The Majority Group in Parliament, made up of the New Patriotic Party (NPP) and the Independent MP, have maintained that they form the Majority Caucus in Parliament, and its leader is the Majority Leader of the House.
Accordingly, they expect their colleagues from the National Democratic Congress (NDC) to respect the position, even if it’s one person that gives them the supremacy in terms of numerical strength.
Additionally, they called on the Speaker, Alban Bagbin to hold this view as such so that there would be consistency in how they are addressed.
At the press conference on Wednesday, Mr Kyei-Mensah-Bonsu insisted that he was the Majority Leader; and the NPP Side, with the Independent MP, Mr Andrew Asiamah Amoako is the Majority Caucus.
The Majority Leader was not happy with the position of the NDC Caucus on the Speaker’s declaration of the New Patriotic Party (NPP) and Independent MP as constituting the Majority Caucus.
He was also not happy with the NDC MPs position on the subsequent sharing of equal seats on the Appointments and Business Committee, which were to be chaired mostly but NPP MPs.
“He must be Father for All”, Majority Leader Osei Kyei-Mensah Bonsu said, in an apparent reference to the Speaker’s background as a former Member on the side of the opposition NDC.
Mr Alexander Afenyo-Markin, Deputy Majority of the NPP Caucus, argued that per the rules of the House there were only two sides the Majority and Minority and that the Majority Leader becomes the leader of the House.
He recalled in 2009 the issue of who constituted the majority or minority was put to the test by Ms Yaaba Nkrumah, who was then CPP member for Jomoro and took the position that she never wanted to be on either side.

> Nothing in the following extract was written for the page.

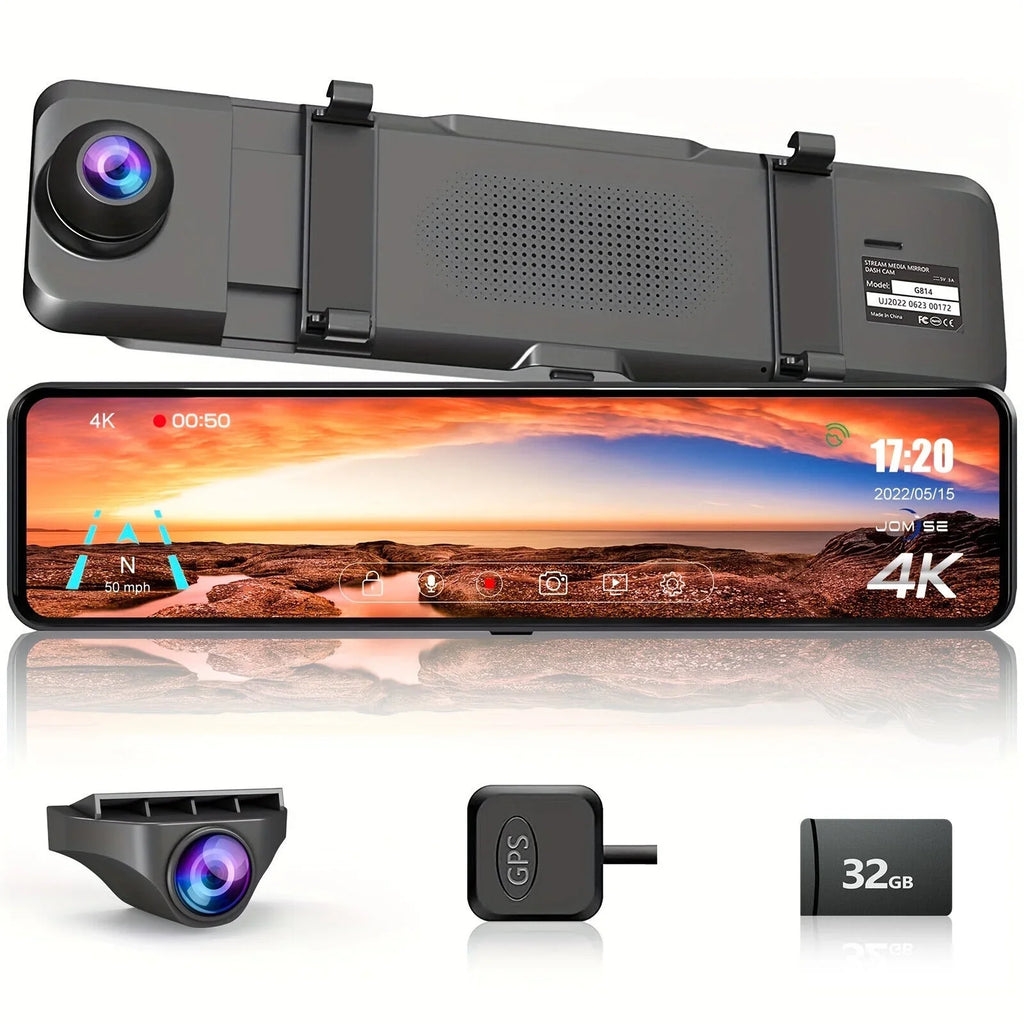 VVCAR Car DVR Rear Video 11" Cam IPS UHD Recorder Camera Dash Front Dual Rearview Mirror 4K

He said Mr Alban Bagbin, then the Majority Leader of the NDC, in arguing invited the Speaker, Justice Joyce Bamford Addo to rule under the provisions of the Standing Orders which required MPs to be part of a caucus and accordingly, Ms Nkrumah opted to be with the minority caucus.
Mr Afenyo-Markin also argued on January 7, 2009, at the time MPs were being sworn-in the NDC as the party had 114 as against NPP’s 107 seats with one independent joining to make 108 while the NDC was joined by PNC and independents MPs to get 116 seats making them the majority caucus.
He said at the time the fact that PNC and independent MPs opted to join them, the NPP did not argue over the issue but sat at the left-hand side of the Speaker and accorded the NDC and its allies the due that they form the majority.
“So, we find it very difficult to appreciate the sudden wavery and inconsistency on who is majority and majority group….Our Standing Orders are clear, our practice and conventions have fortified the position of the Standing Orders.”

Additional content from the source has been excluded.